First – and most important – is strength training. We encourage our athletes to incorporate consistent strength training in order to strengthen the accessory muscles not trained during triathlon workouts. This has several benefits, including increasing power, training the entire body and injury prevention. Triathletes spend hours and hours (and hours) training to get faster, and adding strength training can help achieve that.
Additionally, adding other types of cross-training can help “keep things fresh” versus doing the same thing over and over. Triathletes often train year-round with limited time off. This lack of recovery exposes athletes to overuse injuries, boredom and burnout. Studies show that many people stop participating in sports and exercise because they become bored or burned out. Incorporating other sports into your training schedule may help avoid this and can make you a more well-rounded athlete.
Whether it’s snow skiing, gravel riding, obstacle course racing, boxing, golf, martial arts, pickle ball… give something new a try! Participating in different sports during your time away from triathlon will help maintain overall fitness while recovering from the constant workload triathletes are subjected to. Many other sports use different muscles than the three different sports we compete in do, which can distribute the stress more evenly to your bones and muscles and develop more balanced fitness.
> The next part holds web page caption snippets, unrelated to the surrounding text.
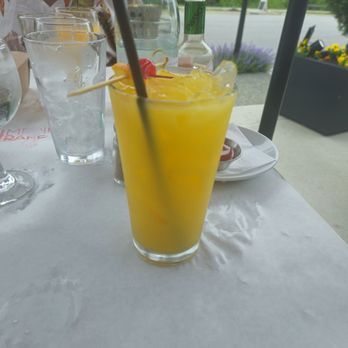 Medium Rare - Tequila Sunrise - Steakhouses Near Me - Columbia, Maryland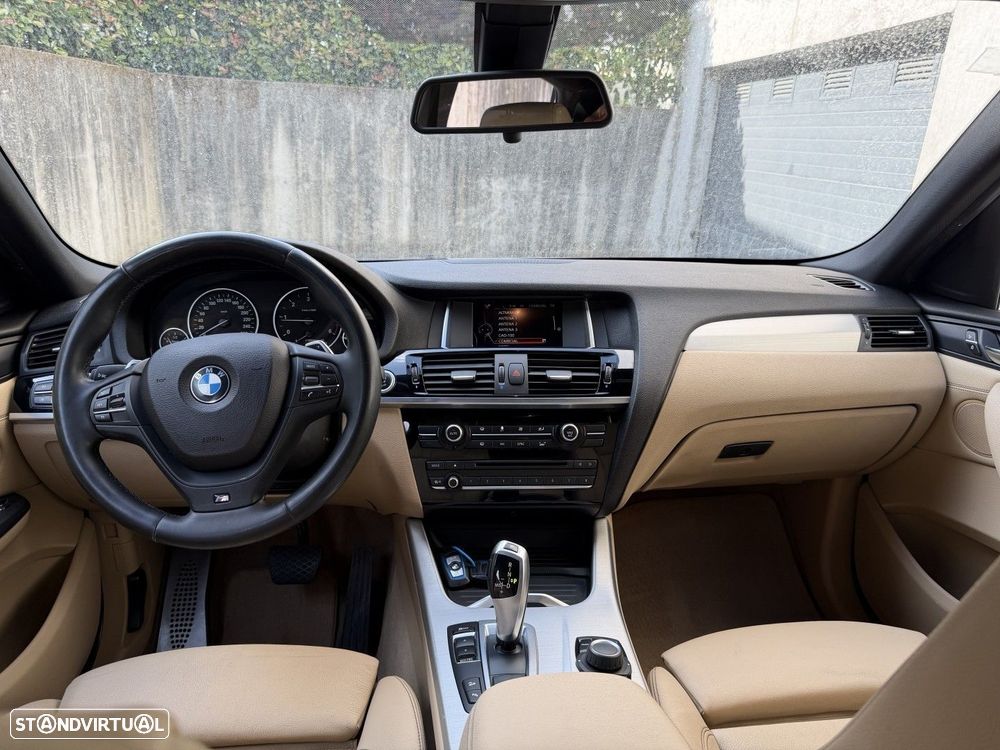 BMW X4 20 d xDrive Pack M Auto - 11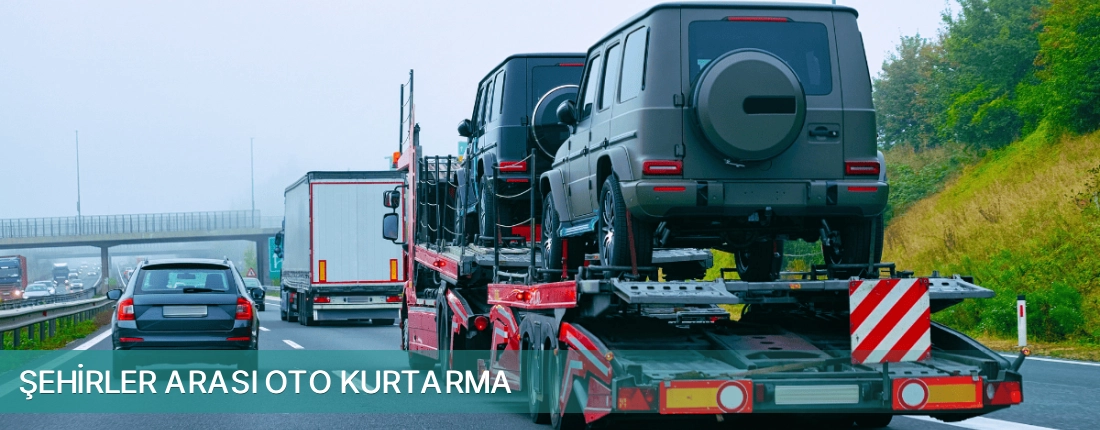 Konak İlçemi Şehirler Arası Oto Kurtarma
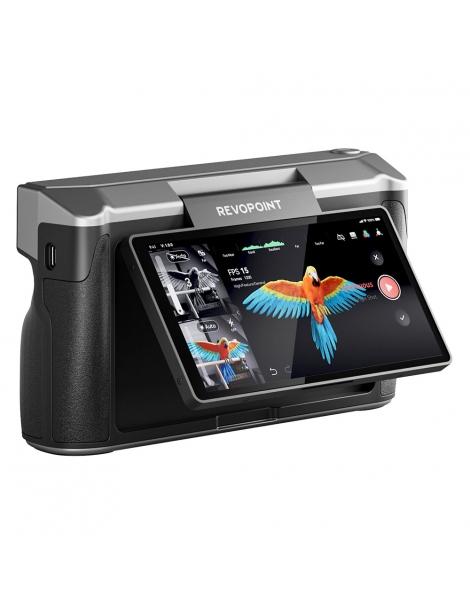 Revopoint MIRACO Scanner 3D con 16 GB di RAM alta precisione di 0 02 mm velocità di scansione di 15 fps Only for today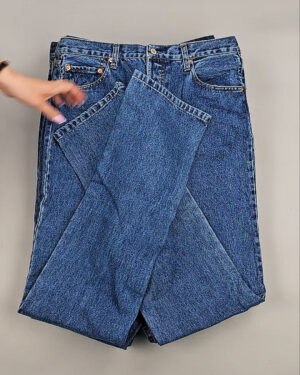 Фотография  181 - Джинсы LEVIS муж #6,2 кг, ЛОТ №8758 оптом в Кирове и Кировской области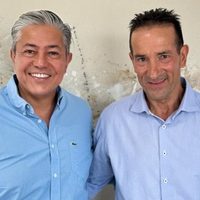 Figueroa dio a conocer quién será su ministro de Gobierno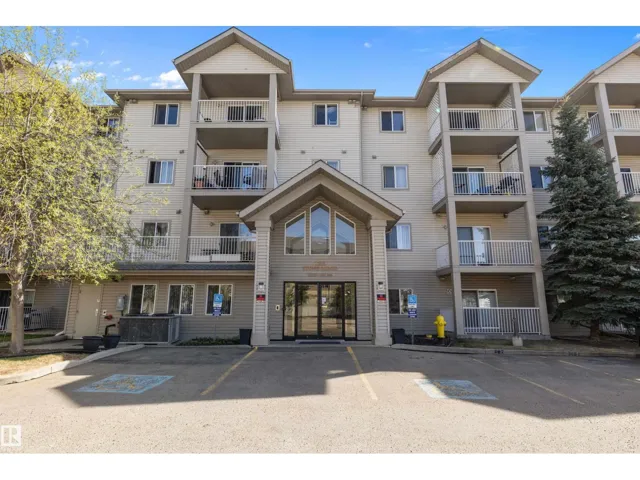 #415 12550 140 AV NW, Edmonton, Alberta T5X6J4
Another upside to cross-training? It’s fun! Participating in other sports allows you to interact with a different group of people, as well as different coaches and instructors. This can allow you to meet new friends, gain the support of other athletes, and share your athletic experience with others. Additionally, working with different coaches gives you the opportunity to learn from more people who have different backgrounds and perspectives. In the long run, that can benefit you as a person and as an athlete.